# About this exercise
In the data that follows, find the line containing "Silver Birth Flower"; then quote that line and every line after it, exactly, through the last one.

** Data segment follows **

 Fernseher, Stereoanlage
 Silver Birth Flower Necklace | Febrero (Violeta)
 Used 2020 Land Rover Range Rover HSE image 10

** End of Data segment **

# Reply to the task
 Silver Birth Flower Necklace | Febrero (Violeta)
 Used 2020 Land Rover Range Rover HSE image 10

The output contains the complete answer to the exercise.